Bioinformatics and Computational Biology
‘Bioinformatics and Computational Biology’
constitute a newly evolving highly interdisciplinary science
within the context of ‘Translational Medicine.’ Conceptually, this
new interdisciplinary approach is rooted in life sciences while
pulling other specific disciplines such as mathematics, physics,
computer science and engineering, biology, and behavioral science.
It is exciting for the scientists to see this level of
transformation and integration across several disciplines of the
sciences within a short period of time. Although ‘Bioinformatics
and Computational Biology’ are distinct and independent
disciplines, each maintain close interactions with life sciences
to realize their full potential.
Bioinformatics encompass information sciences and technologies to
construct the vast, diverse, and complex life sciences data in a
way that is more understandable, easily interpretable and
scientifically useful. On the other hand, computational biology
uses mathematical and computational approaches to address
theoretical and experimental questions in biology. Although
bioinformatics and computational biology are distinct, there is a
significant overlap of activity at their interface between the
two.
The Definition by the National Institutes of Health (NIH)

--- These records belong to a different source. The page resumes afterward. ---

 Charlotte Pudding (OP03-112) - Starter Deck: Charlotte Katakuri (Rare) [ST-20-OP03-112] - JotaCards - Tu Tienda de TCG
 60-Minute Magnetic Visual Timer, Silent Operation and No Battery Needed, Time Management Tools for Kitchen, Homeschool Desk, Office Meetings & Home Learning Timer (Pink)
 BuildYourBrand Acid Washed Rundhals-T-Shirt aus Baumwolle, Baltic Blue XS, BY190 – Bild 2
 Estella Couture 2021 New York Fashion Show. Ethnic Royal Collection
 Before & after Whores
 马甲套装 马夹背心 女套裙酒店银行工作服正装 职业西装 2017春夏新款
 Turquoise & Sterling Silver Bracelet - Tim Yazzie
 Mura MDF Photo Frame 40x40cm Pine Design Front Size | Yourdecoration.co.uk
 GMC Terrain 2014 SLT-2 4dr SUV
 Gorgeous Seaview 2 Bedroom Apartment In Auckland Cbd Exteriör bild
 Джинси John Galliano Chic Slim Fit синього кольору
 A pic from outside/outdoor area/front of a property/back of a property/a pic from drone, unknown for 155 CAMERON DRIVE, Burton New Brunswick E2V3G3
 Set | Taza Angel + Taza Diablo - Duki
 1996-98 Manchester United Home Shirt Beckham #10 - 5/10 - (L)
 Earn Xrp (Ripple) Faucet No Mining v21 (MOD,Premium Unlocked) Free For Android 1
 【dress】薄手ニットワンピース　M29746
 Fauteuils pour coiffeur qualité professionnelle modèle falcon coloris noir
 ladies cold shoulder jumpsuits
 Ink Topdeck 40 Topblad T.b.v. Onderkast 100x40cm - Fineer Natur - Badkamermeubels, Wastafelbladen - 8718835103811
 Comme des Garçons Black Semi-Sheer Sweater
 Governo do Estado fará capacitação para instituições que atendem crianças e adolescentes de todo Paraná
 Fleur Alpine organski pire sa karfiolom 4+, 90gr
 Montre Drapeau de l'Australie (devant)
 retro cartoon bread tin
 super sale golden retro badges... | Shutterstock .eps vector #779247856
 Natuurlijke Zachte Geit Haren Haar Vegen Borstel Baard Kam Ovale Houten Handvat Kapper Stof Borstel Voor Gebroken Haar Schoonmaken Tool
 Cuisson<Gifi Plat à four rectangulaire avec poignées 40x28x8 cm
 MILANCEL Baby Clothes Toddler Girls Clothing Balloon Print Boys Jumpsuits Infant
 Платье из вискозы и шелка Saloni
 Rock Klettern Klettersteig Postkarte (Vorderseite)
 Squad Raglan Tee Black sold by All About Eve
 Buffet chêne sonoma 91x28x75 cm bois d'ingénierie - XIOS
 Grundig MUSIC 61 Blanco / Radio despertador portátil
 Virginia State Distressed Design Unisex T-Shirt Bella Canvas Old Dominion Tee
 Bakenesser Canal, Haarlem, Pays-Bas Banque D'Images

The NIH Biomedical Information Science and Technology Initiative
Consortium has agreed on the following definitions of
bioinformatics and computational biology recognizing that no
definition could completely eliminate overlap with other
activities or preclude variations in interpretation by different
individuals and organizations.
Bioinformatics: Research,
development, or application of computational tools and approaches
for expanding the use of biological, medical, behavioral or health
data, including those to acquire, store, organize, archive,
analyze, or visualize such data.
Computational Biology: The
development and application of data-analytical and theoretical
methods, mathematical modeling and computational simulation
techniques to the study of biological, behavioral, and social
systems.
Translational Medicine
One of the greatest accomplishments of modern sciences and at the
end of the 20th century is the ‘Human Genome Project,’ which has
revolutionized how we can diagnose and treat diseases. The Human
Genome Project has transformed biology, which is now referred to
‘Systems Biology.’ We now have the ability to look for differences
and similarities between all the genes of multiple species. From
these studies (
comparative genomics),
we can draw specific conclusions about genetic susceptibility and
pre-disposition, differences between the species and about the
evolution.
DNA microarrays technologies designed to measure the relative
number of copies of a genetic message (levels of gene expression)
at different stages in development or disease or in different
tissues have gained highly significant importance in Translational
Medicine.
Elias A. Zerhouni, M.D., NIH Director, states that we are in a
revolutionary period of medicine that calls for the four Ps:
Predictive, Personalized, Preemptive and
Participatory. He believes that this new concept requires
patient involvement well before disease strikes. In his opinion,
the future is going to be patient-centric and proactive as opposed
to the doctor-centric, curative model of the past. It must be
based on education and communication. This model also applies to
developing countries, including India.
Systems Biology
Systems Biology represents a newly emerging approach, which is
centered on the model that one can study biological systems by
delineating the relationships of all of their component elements
and understand the resulting systems properties. Systems Biology
is: a) providing a road map for integrating various disciplines
such as ‘
Genomics, DNA Microarrays,
Proteomics, Metabolomics, Pharmacogenomics and Drug Discovery;
b) looking at biology of the system as a whole by integrating with
informational science from the various parts of life sciences and
other disciplines such as mathematics, physics, computer science
and engineering, and behavioral science; c) catalyzing the
emergence of biological information (e.g., rapid DNA sequencing or
DNA chips), and bringing in medical informatics. The integration
of science is also occurring very rapidly at the ‘clinical trials’
level potentially leading to new and more effective drugs for
diagnosing and treating various diseases in a more predictive and
personalized manner. This profound conceptual systems biology
framework will provoke changes in medicine—moving us toward a
predictive, preventive, and personalized
medicine in the world.
Activities
The Institute is actively developing relevant activities within
the context of Systems Biology and Translational Medicine. The
Institute has a major interest to develop educational modules that
are based on the Translational Medicine model. In addition, the
Institute is also actively pursuing partnerships and
collaborations with outside organizations. Some of our activities
may include the following:
• Develop disease databases and tools for clinical trials and
clinical data management (CDM) for developing new drugs within the
context of Translational Medicine. The overall framework for
‘Predictive, Personalized, Preemptive and
Participatory medicine’ will dramatically change how we
will diagnose and treat diseases even in developing countries,
including India.
• Improve content and utility of databases.
• Develop better tools for data generation, capture, and
annotation.
• Develop and improve tools and databases for comprehensive
functional studies.
• Develop and improve tools for representing and analyzing
sequence similarity and variation.
• Create mechanisms to support effective approaches for producing
exportable software that can be widely shared.